The Congressional Budget Office last week released its long term budget forecast for the next 50 years, which showed that if nothing was done (and taxes automatically rose substantially from their present level through “bracket creep”) the Federal deficit would total 17 percent of gross domestic product by 2050, and Federal debt held by the public would exceed 200 percent of gross domestic product. In other words, fiscal collapse.
According to the CBO projections, two factors are likely to worsen the U.S. government’s fiscal position by 2050, social security and Medicare/Medicaid. There will be one offsetting item, the behavior of tax yields if tax laws are kept at their present level.
The CBO outlined six possible scenarios, under 3 different assumptions for cost increases (primarily in Medicare) and two assumptions for tax yields. The outcome under these scenarios varies from huge government surplus to national bankruptcy; the high-tax, high-spending bankruptcy above is Scenario 4. (Scenario 1, low-tax, high-spending, is even faster bankruptcy!)

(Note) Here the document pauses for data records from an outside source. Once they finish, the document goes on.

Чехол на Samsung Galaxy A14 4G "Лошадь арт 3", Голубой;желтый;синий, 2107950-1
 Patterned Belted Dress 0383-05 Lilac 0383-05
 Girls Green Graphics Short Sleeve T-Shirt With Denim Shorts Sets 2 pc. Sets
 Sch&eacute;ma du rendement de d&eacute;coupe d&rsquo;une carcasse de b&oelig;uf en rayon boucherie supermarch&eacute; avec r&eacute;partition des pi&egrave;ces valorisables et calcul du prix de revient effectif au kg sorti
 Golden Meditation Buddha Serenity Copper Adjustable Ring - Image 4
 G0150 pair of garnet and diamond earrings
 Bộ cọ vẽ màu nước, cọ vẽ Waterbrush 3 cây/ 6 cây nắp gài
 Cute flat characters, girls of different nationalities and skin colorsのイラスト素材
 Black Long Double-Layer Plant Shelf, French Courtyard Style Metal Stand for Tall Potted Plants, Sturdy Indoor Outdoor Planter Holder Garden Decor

To take the offsetting factor first, CBO has tax yields increasing from 16.5 percent of GDP currently, past the 18.2 percent that is the average of the last 50 years and the 20.5 percent that is the postwar high (in 2000, because of huge capital gains tax yields) to around 25 percent of GDP “provided tax laws remain unchanged.” The catch is that tax laws remaining unchanged would preserve all the idiotic “sunset” provisions of the 2001 and 2003 tax laws, by which the tax reductions of those years revert to zero in the years ahead, the estate tax is restored to its full pre-2001 level, etc. In addition, this scenario assumes that nothing is done to reform the Alternative Minimum Tax, the temporary reforms to which also expire, so that by 2050 70 percent of U.S. taxpayers are subject to this nightmare impost.
This is unrealistic; it is also unrealistic to assume that you could increase the Federal government’s tax take from 16 percent of GDP to 25 percent, the highest in U.S. history, without a serious adverse effect on the U.S. economy — the French Disease would simply move in. Thus the “high-tax” scenarios 4, 5 and 6 can be dismissed, however much they may appear to simplify the spending tradeoffs.
Unfortunately, if nothing is done to curb spending, the “high spending” part of Scenarios 1 and 4 is only too realistic.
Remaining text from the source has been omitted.